10 Aralık 2013 Salı

ZENGİNLİĞE BÜRÜNMEK

Kışlar başladı ya, her günün, her gecenin yarattığı yalnızlığın zenginliğine bürünüyorum. Zenginlik kelimesini bilerek kullanıyorum bu cümlede. Tek başına olumsuz görünen anlama, yarattığı tınıyla olumlu bir hava katıyor sanki. Okuyan zenginliği iyiye mi yormalı, kötüye mi karar veremiyor en azından. Bu karmaşa içinde yazıyı sürükleyip gitmeye niyetleniyorum hece hece.

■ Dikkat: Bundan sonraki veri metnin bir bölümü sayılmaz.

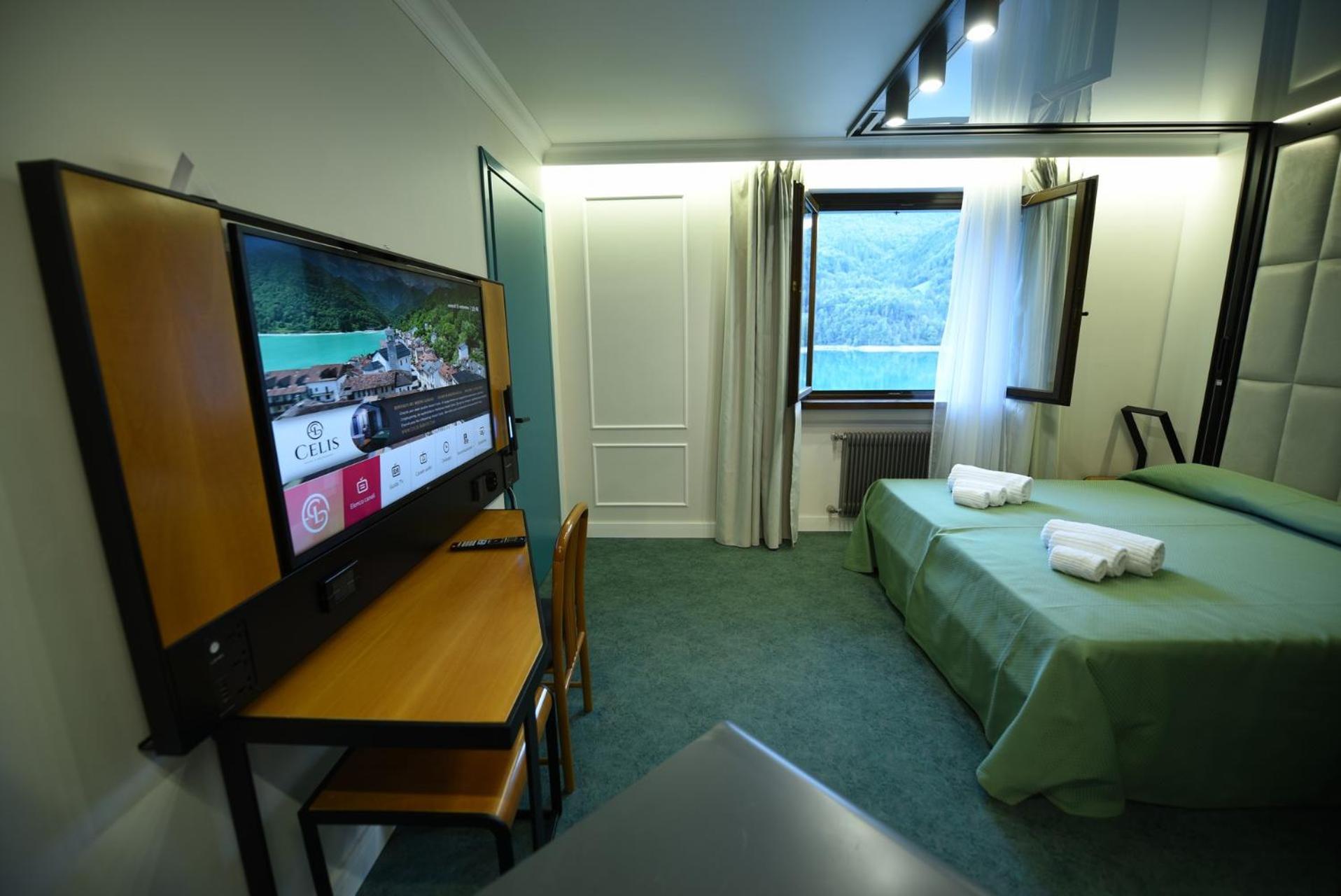 בארצ'יס Hotel Celis מראה חיצוני תמונה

Kuşlar zenginliğimi fark ettikçe üşüşüyor camın denizliğine. Bakışları “çık da, gör” der gibi. Hava soğuk, ayaz koyak… Hakikaten çık da gör!
Camdan yola baktıkça parladığını görürsün yerin. Parlayan zeminde kayıyor insanlar. Parlayan yollarda, nice ölüm haberi ekranın camında. Of ki of! Gel de yaşa zenginliğin keyfini. Zenginlik lafını onca cümlenin arasına sıkıştırmaya çalışırken üç gün üç gecelik Hint düğünlerinin milyar dolarlık harcama yoksulluğunda kal durduk yerde... Oldu mu ya…

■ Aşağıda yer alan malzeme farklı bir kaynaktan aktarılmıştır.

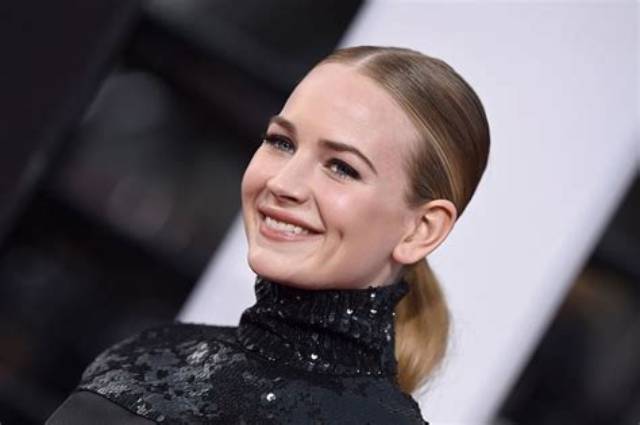 Britt Robertson Net Worth – How Much Is Britt Robertson Worth?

Kışlar resimlerde çok daha güzel nedense. Hatta çok daha zengin. Bugün ressam dostların suluboya çalışmalarında gördüm kışı. Görünce atasım geldi kendimi dışarı. Resimde bacası tüten evin sıcaklığı sardı içimi. En azından yakacak vardı tek katlı evlerde. Dumanı çıkmasaydı anımsayacak, anımsatacaktım en yoksulluğu. Ressam dostun fırça darbesiyle göğe uzatıp unutmadığı duman ayrıntısı ferahlattı içimi kış hükmünü sürerken. Yoksulluğu unutturdu en azından. İnsan kar beyazını seyre dalmışken bacanın dumanı fark edilmeyebilirdi oysa. Görünce hissettim ev sıcaklığını. Komşuluğun ayrıntılarına dalıp çıktım kendi içimde. Kış manzaralı resimdeki evlerin içinde kaç kişi yaşadığına dair meraklı sorular sordum kendi kendime. Kış hükmünü sürdürdükçe hangi sıkıntıların kıskacında kalabileceklerinin izini sürdüm durduk yerde. Kış olmasaydı bunları düşünüyor bile olmayacaktım. Kış olmasaydı kuşlar bile konmayacaktı cam önüne. Gördünüz mü zenginliği? Kar bulutları döktükçe, döküldükçe azalacak yoksulluğum. Nelerin farkına varmayacağım ki ben. Nice kış manzaralı resimde arayacağım beni. Beni ararken bulacağım belki de benliğimi. Kaç urbasız çocuk seyredeceğim. Kaç delik ayakkabı göreceğim. Bunların ayrıntısında yazılar düzüp yazları bekleyeceğim ben.  Yeni yazlar da kendimden geçeceğim kim bilir… Kendimden geçtiğim en yazlarda vuruyor olacağım yoksulluğun dibine.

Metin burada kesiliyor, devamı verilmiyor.